Omit the images, then repeat the listing exactly.

**Data block**

== Segment start ==

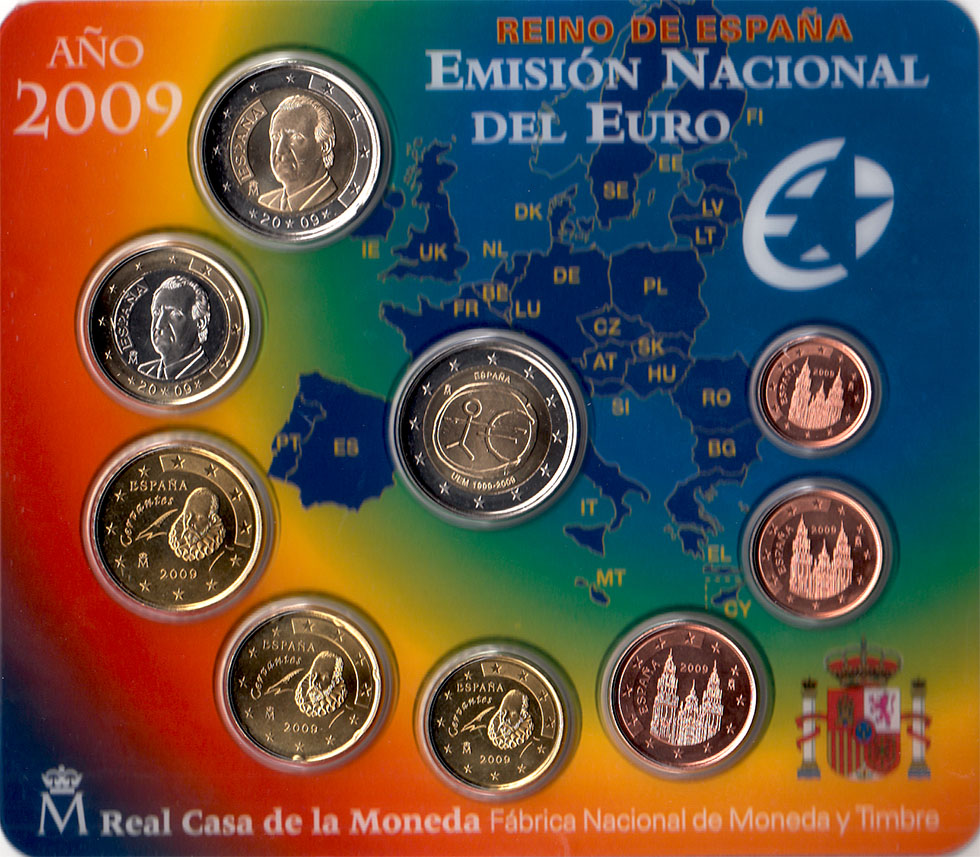 2009 - Serie SPAGNA Divisionale Ufficiale FDC + 2 Euro EMU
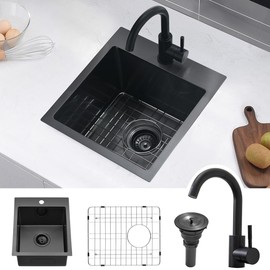 15X17 Drop In Black Bar Sink With Faucet, Gabhar 15x17 Inch 16Gauge Black Stainless Steel Drop In Kitchen Bar Sink And Faucet Combo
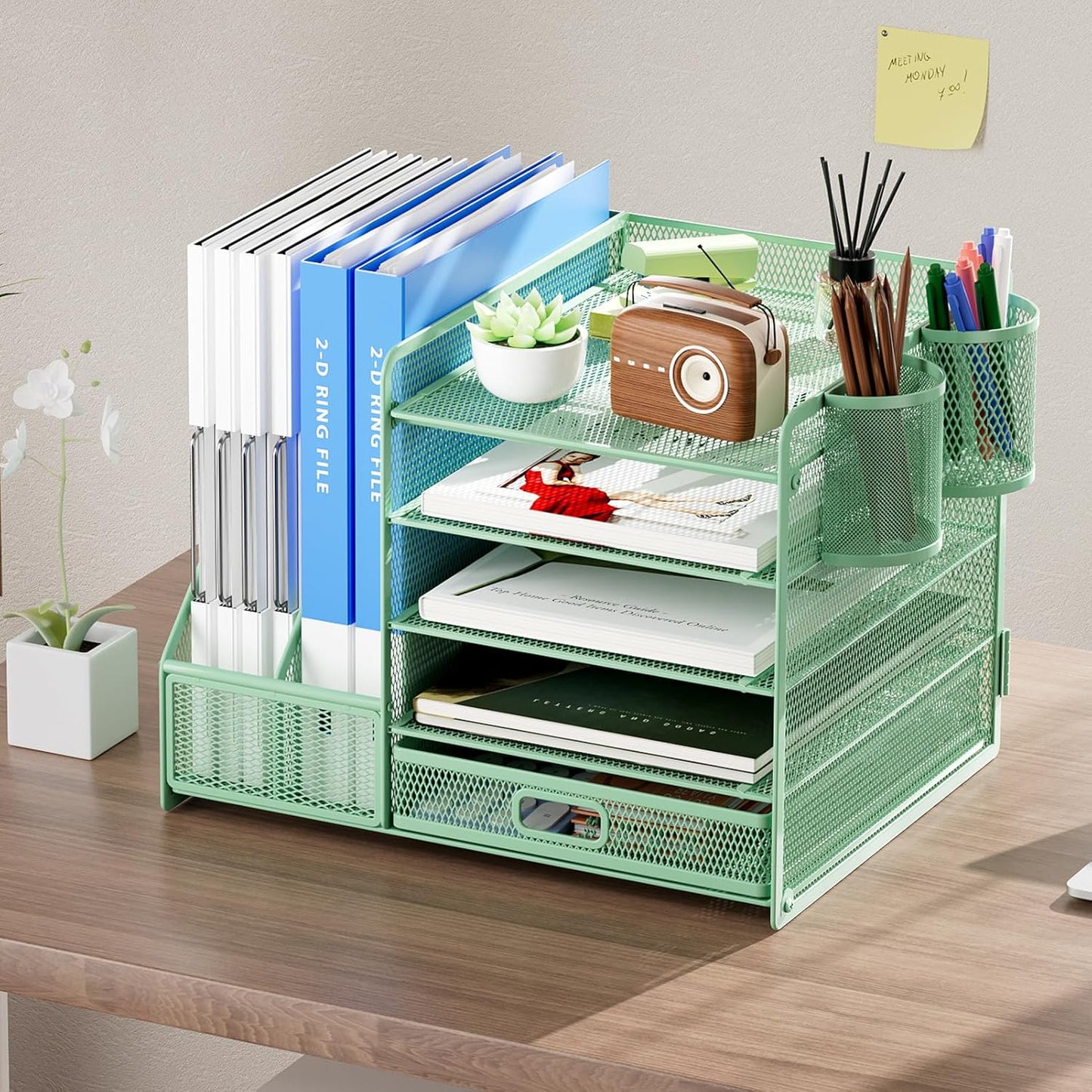 Marbrasse Desk Organizer with File Holder, 5-Tier Paper Letter Tray Organizer with Drawer and 2 Pen Holder, Mesh Desktop Organizer and Storage with Magazine Holder for Office Supplies(Black)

== Segment end ==

**Answer space**
 2009 - Serie SPAGNA Divisionale Ufficiale FDC + 2 Euro EMU
 15X17 Drop In Black Bar Sink With Faucet, Gabhar 15x17 Inch 16Gauge Black Stainless Steel Drop In Kitchen Bar Sink And Faucet Combo
 Marbrasse Desk Organizer with File Holder, 5-Tier Paper Letter Tray Organizer with Drawer and 2 Pen Holder, Mesh Desktop Organizer and Storage with Magazine Holder for Office Supplies(Black)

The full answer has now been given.